La tragédie de Minab ébranle les fondations du mouvement MAGA
La destruction d'une école de filles à Minab, dans la province d'Hormozgan au sud de l'Iran, par un missile américain le 28 février 2026, a provoqué une onde de choc qui dépasse largement les frontières du conflit israélo-américain en Iran. Ce bombardement, qui a causé la mort de plus de 150 personnes dont de nombreux enfants selon les autorités iraniennes, a ouvert une brèche profonde au sein même des partisans les plus fervents de Donald Trump.

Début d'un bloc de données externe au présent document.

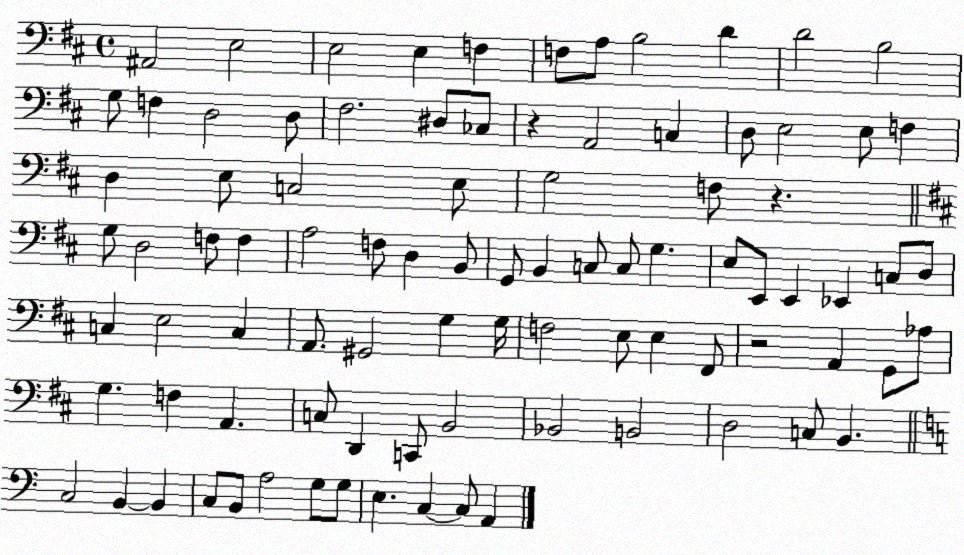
X:1
T:Untitled
M:4/4
L:1/4
K:D
^A,,2 E,2 E,2 E, F, F,/2 A,/2 B,2 D D2 B,2 G,/2 F, D,2 D,/2 ^F,2 ^D,/2 _C,/2 z A,,2 C, D,/2 E,2 E,/2 F, D, E,/2 C,2 E,/2 G,2 F,/2 z G,/2 D,2 F,/2 F, A,2 F,/2 D, B,,/2 G,,/2 B,, C,/2 C,/2 G, E,/2 E,,/2 E,, _E,, C,/2 D,/2 C, E,2 C, A,,/2 ^G,,2 G, G,/4 F,2 E,/2 E, ^F,,/2 z2 A,, G,,/2 _A,/2 G, F, A,, C,/2 D,, C,,/2 B,,2 _B,,2 B,,2 D,2 C,/2 B,, C,2 B,, B,, C,/2 B,,/2 A,2 G,/2 G,/2 E, C, C,/2 A,,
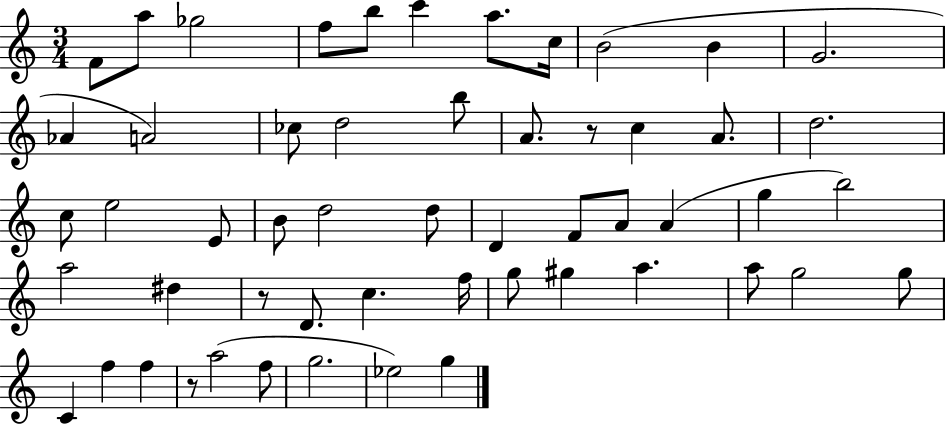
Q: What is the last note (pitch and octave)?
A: G5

Une erreur de ciblage aux conséquences dévastatrices
Les investigations menées par le New York Times et l'Agence France-Presse ont établi que l'école élémentaire avait bien été détruite par un missile de croisière Tomahawk américain. Selon les conclusions préliminaires révélées par le quotidien américain, cette frappe meurtrière résulterait d'une erreur de ciblage basée sur des données obsolètes fournies par les services de renseignement du département de la Défense.
L'école se trouvait à proximité de deux sites contrôlés par les Gardiens de la Révolution, l'armée idéologique de la République islamique : une clinique située à 238 mètres et un complexe culturel à 286 mètres. Malgré ces informations accablantes, Donald Trump a initialement affirmé que l'attaque avait été perpétrée par l'Iran, avant de se rétracter et de déclarer ne "pas être au courant" des détails de l'opération.

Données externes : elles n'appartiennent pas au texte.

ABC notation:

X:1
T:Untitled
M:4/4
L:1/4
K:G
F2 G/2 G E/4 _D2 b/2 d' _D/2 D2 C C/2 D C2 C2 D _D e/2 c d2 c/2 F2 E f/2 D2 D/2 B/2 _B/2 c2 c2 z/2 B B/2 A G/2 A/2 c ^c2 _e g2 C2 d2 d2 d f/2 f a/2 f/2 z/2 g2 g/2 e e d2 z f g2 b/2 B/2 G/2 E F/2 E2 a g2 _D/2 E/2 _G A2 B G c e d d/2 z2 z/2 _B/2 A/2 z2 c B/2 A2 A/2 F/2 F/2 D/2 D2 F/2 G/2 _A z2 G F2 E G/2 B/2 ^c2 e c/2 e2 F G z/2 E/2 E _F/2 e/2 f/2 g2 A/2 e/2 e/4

La colère monte dans les rangs conservateurs
Cette bavure militaire a déclenché une tempête politique au sein des cercles conservateurs américains, traditionnellement acquis à la cause de l'ancien président. Alex Jones, podcasteur d'extrême droite pro-Trump, a exprimé son indignation : "C'était censé être l'Amérique avant tout. Nous ne devrions plus nous permettre de tels agissements."
Tucker Carlson, ancienne figure médiatique de Fox News et fidèle partisan de Trump, s'est également ému de cette tragédie : "En tant qu'Américain, nous devons croire qu'il s'agit d'une tragique erreur. Mais il faut vérifier cela parce que si vous vivez dans le genre de pays qui pense qu'il est juste de tuer pas simplement des officiers militaires mais aussi leurs filles, alors ce pays ne mérite pas que l'on se batte pour lui..."
Le slogan "America First" mis à mal
La polémique a rapidement dépassé le cadre militaire pour toucher au cœur même de l'idéologie trumpiste. Megyn Kelly, ancienne présentatrice de Fox News, a vivement critiqué les proches de Trump qui militent pour la guerre en Iran : "On a sept soldats américains morts, on a une école de filles, 175 jeunes filles sont mortes en Iran, et il y a une grave controverse."
Ann Coulter, polémiste conservatrice et ancienne trumpiste, a déploré cette attaque durant une guerre qui "ne rend pas un seul Américain plus en sécurité". Sur les réseaux sociaux, Marjorie Taylor Greene, ancienne élue républicaine au Congrès, a fustigé : "Nous avons voté pour l'Amérique d'abord et pour zéro guerre !"
Les conséquences politiques potentielles
Curt Mills, directeur du magazine The American Conservative pourtant pro-Trump, a exprimé sa frustration dans une interview à Vanity Fair : "L'administration sert les intérêts des riches et mène des guerres pour des pays étrangers. Elle alimente sans scrupule le discours anti-oligarchie des démocrates."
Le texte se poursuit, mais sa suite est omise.